La reunion della storica band slowcore originaria di NYC è quindi diventata realtà e gli ha finalmente riportati anche in Europa dopo undici anni: stasera ci troviamo al Locomotiv Club di Bologna per la loro unica data nel nostro paese.
La prima stagionale per il locale situato nel Parco Del Dopolavoro Ferroviario è sicuramente molto positiva perché il sold-out è arrivato già da qualche giorno e quindi non rimane che ritirare le nuove tessere AICS per il 2023/2024 alla cassa prima di entrare.

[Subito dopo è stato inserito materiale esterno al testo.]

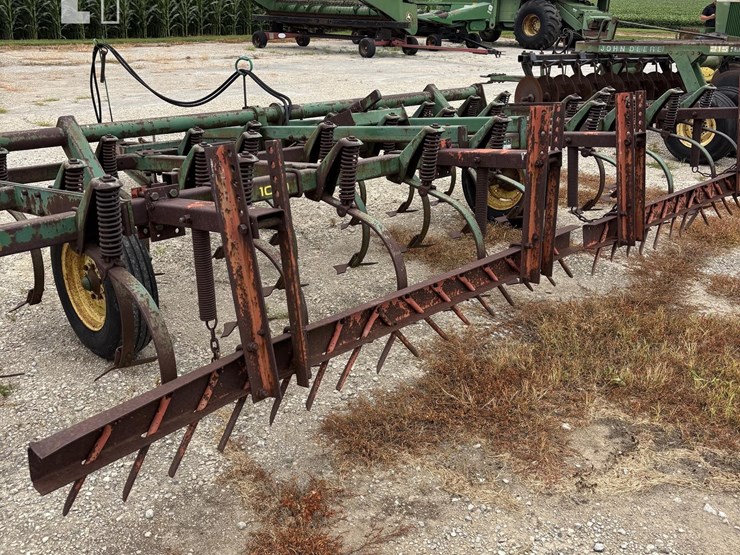 john-deere-1010-image-4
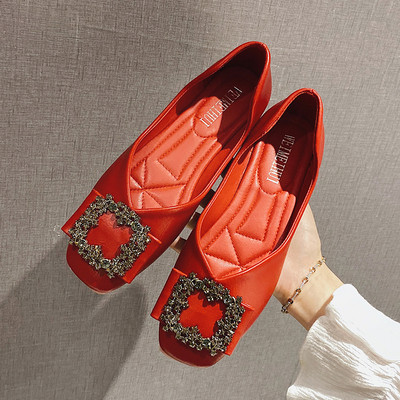 Fém csattal ellátott női bőrcipő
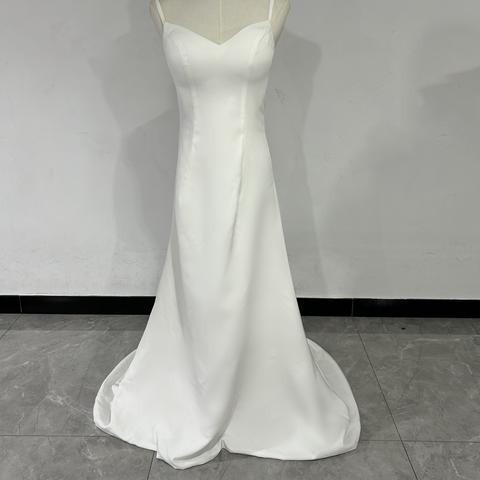 前撮り/結婚式ドレス キャミソール 背中見せ ロングトレーン  クレープ生地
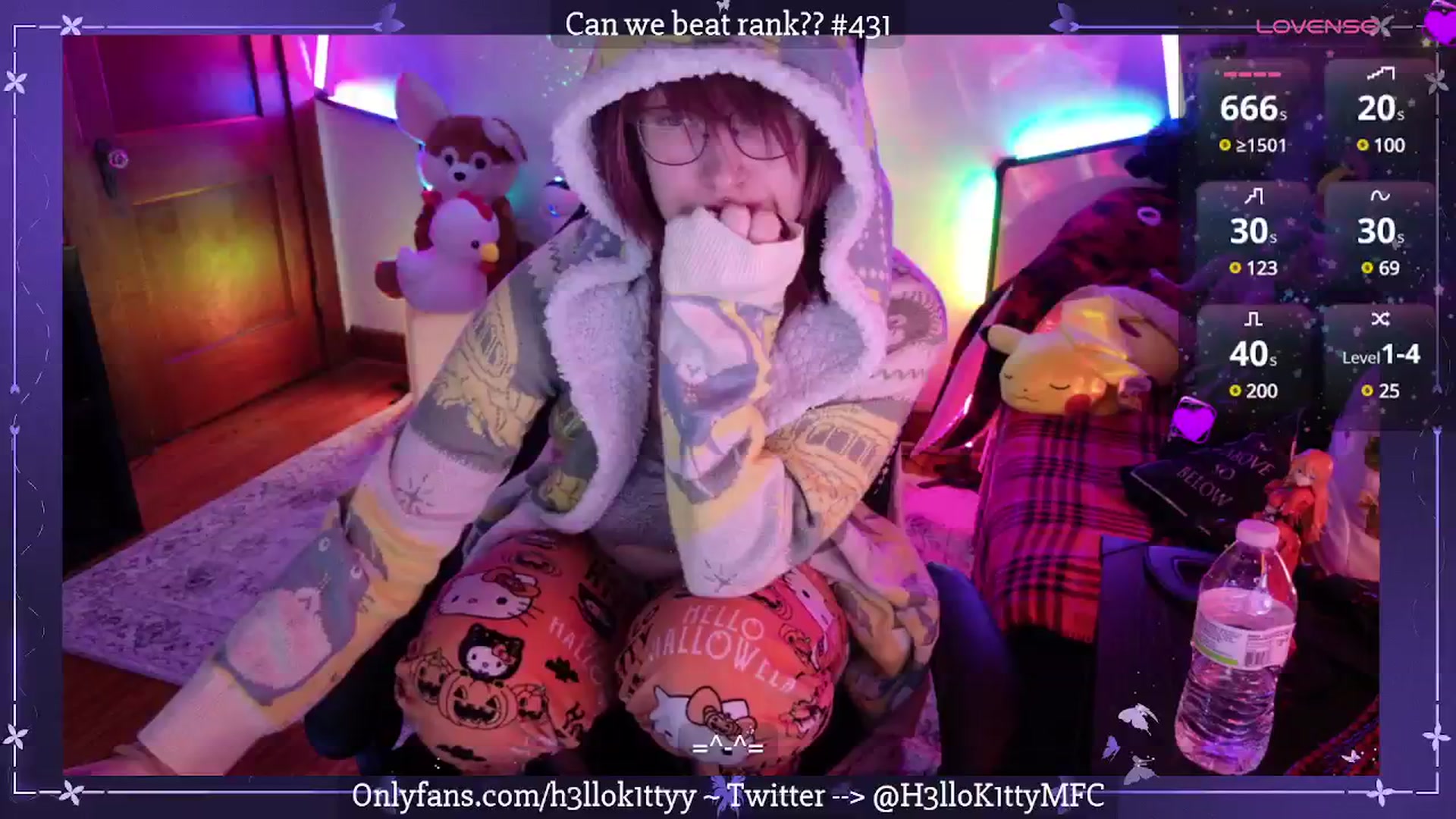 Gallery image thumbnail from H3llok1tty's myfreecams stream on, 04/14/2025, 10:05 image 15 of 20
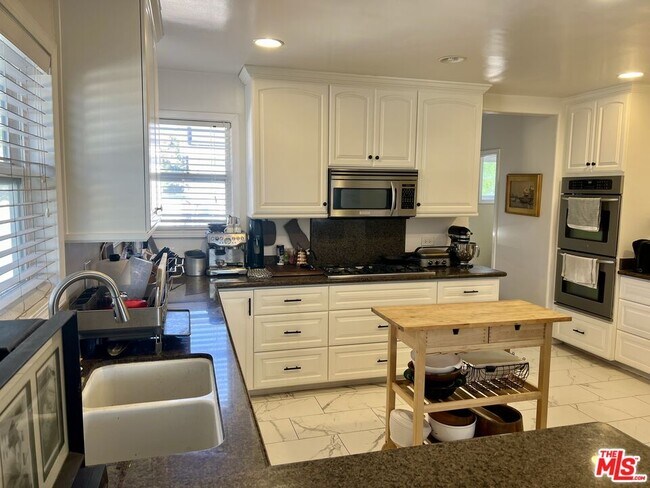 Building Photo - 8404 Newlin Ave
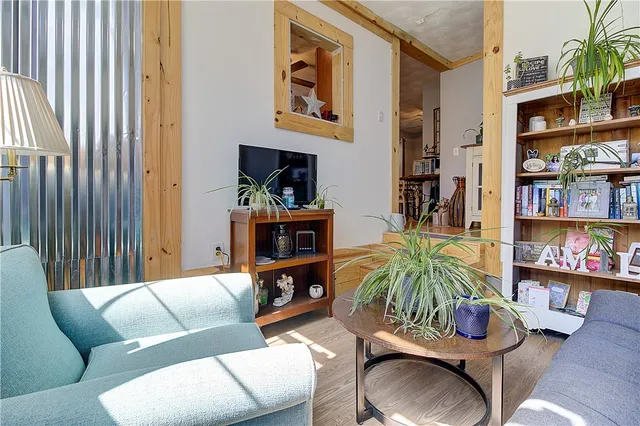 $379,000 | 52 Uncas Street, Warwick, RI 02889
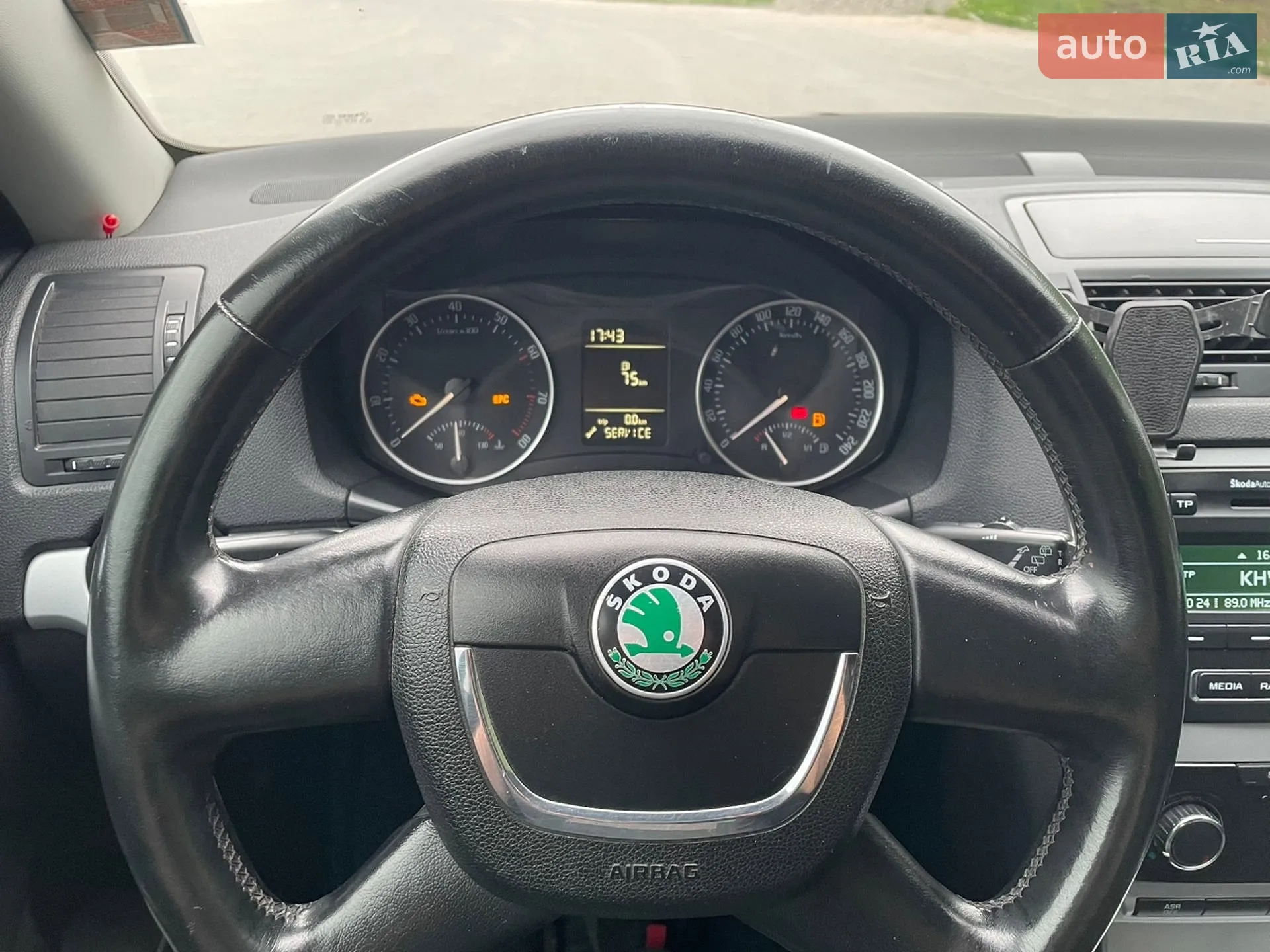 2010 Skoda Octavia - мініатюра 18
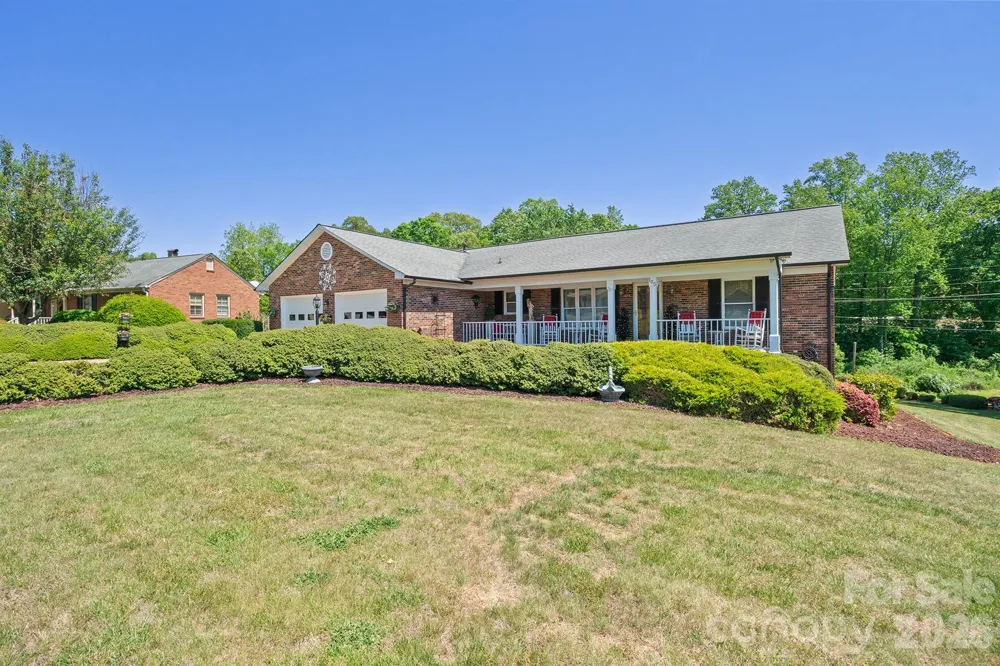 105 Rock Creek Drive Lincolnton, NC 28092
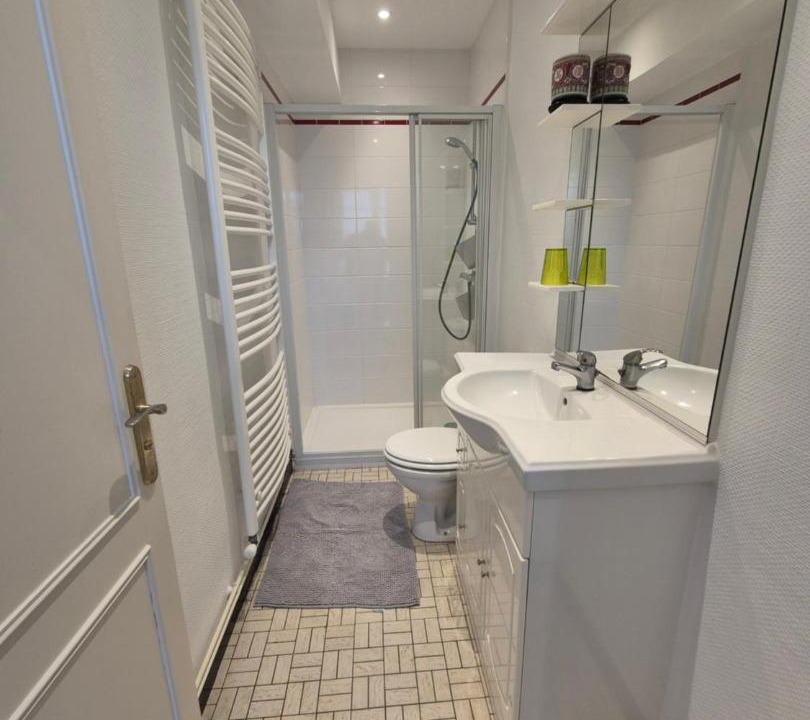 Photo of Bathroom in Centre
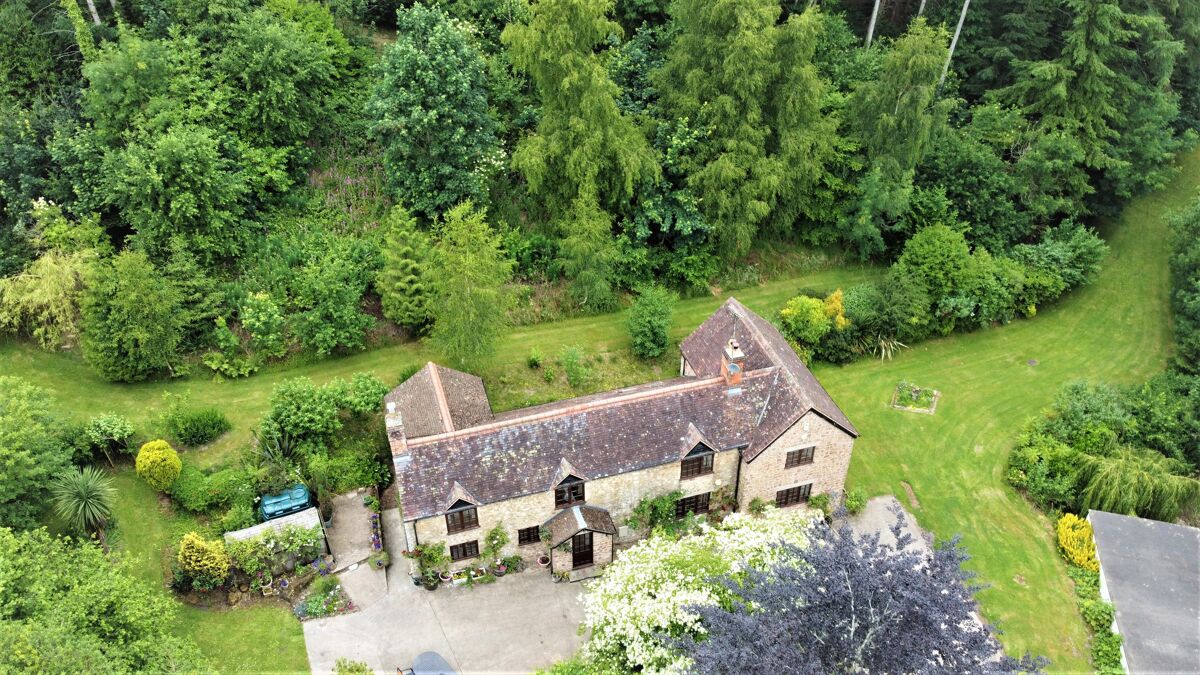 house for sale in Hinders Lane, Huntley, Gloucester, Gloucestershire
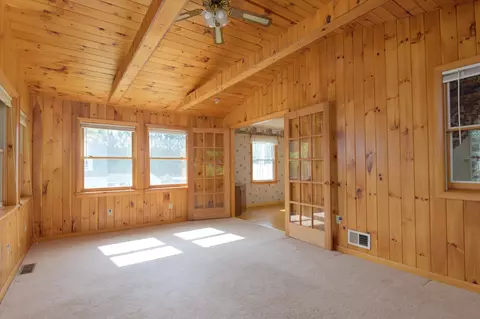 Living - 32 Mark St, Springfield, VT 05156 photo 2 of 4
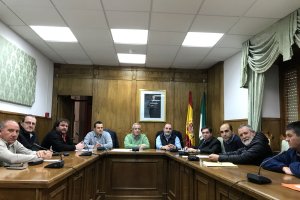 Alcalde de Dalías durante la reunión mantenida con el delegado de Agricultura.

L’orario di inizio è piuttosto “particolare” per le nostre latitudini (nei paesi più a nord dell’Italia sarebbe abituale): gli statunitensi, infatti, salgono sul palco alle otto e mezza in punto come precisato anche da alcune mail inviate nei giorni precedenti dal rivenditore dei biglietti (in questo caso Dice.fm).
“D”, opening-track del loro debutto full-length, “Frigid Stars”, è l’incaricata ad aprire il concerto: Stephen Immerwahr si presenta semplicemente dicendo:
We are Codeine from New York City.
Gli arpeggi iniziali di John Engle sono assolutamente delicati, ma poi il suono diventa molto più potente, mentre i vocals del bassista e frontman sono letteralmente struggenti e spezzano i cuori dei numerosi presenti in sala stasera.
Decisamente più sperimentale la successiva “Cigarette Machine”, con un continuo cambio di atmosfera da violenta e cattiva a calma ed empatica, per poi ritornare ancora rumorosa e incisiva, mentre il lavoro di Chris Brokaw dietro al suo drumkit è davvero eccellente.
E’ poi la volta di “Barely Real”, title-track dell’EP del 1992: anche qui sono dolori pesanti per il cuore dei fan emiliani perché la sua emotività e la gentilezza della sei corde di Engle sono qualcosa di indescrivibile e toccante.
Una delle più belle canzoni del concerto è senza dubbio “Washed Up”, estratta da “White Birch”: gli arpeggi delicati di John si alternano a momenti di continua crescita e di violenza sonora, mentre la voce pulita di Stephen riesce a creare atmosfere che definire magiche è ancora molto poco per un bagno di purezza totale.
L’intensità dei suoni continua ad alternarsi anche in “Sea” fino ad arrivare ad alcuni momenti esplosivi e pesanti, ma le emozioni rimangono sempre struggenti, mentre la rilettura in chiave slowcore di “Atmosphere” dei Joy Division è qualcosa di altrettanto incredibile e inaspettato.
C’è ancora spazio per un encore di tre pezzi che si chiude con la bellissima “Broken Hearted Wine”, incredibilmente intima e disegnata con una strumentazione minimale.
Un concerto ricco di atmosfere straordinarie, che ci ha portato per un’ora dieci indietro di qualche decennio, lasciando scorrere sulla pelle dei tanti fan bolognesi grandissime e indiscrivibili emozioni.